AIM OF THE EXERCISE :: Every line from the beginning of the data through the line containing "The Golden Heart Necklace Set" should be reproduced exactly, and no further lines should be output.

Records from a data source:
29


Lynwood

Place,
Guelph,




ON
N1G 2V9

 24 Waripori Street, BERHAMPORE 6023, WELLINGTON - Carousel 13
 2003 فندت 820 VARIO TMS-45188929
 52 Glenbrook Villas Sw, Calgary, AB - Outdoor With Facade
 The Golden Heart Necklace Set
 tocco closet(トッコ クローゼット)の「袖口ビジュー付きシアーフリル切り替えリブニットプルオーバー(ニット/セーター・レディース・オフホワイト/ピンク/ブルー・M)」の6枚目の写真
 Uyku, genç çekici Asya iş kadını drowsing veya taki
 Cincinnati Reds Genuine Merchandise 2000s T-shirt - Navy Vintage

TASK SOLUTION ::
29


Lynwood

Place,
Guelph,




ON
N1G 2V9

 24 Waripori Street, BERHAMPORE 6023, WELLINGTON - Carousel 13
 2003 فندت 820 VARIO TMS-45188929
 52 Glenbrook Villas Sw, Calgary, AB - Outdoor With Facade
 The Golden Heart Necklace Set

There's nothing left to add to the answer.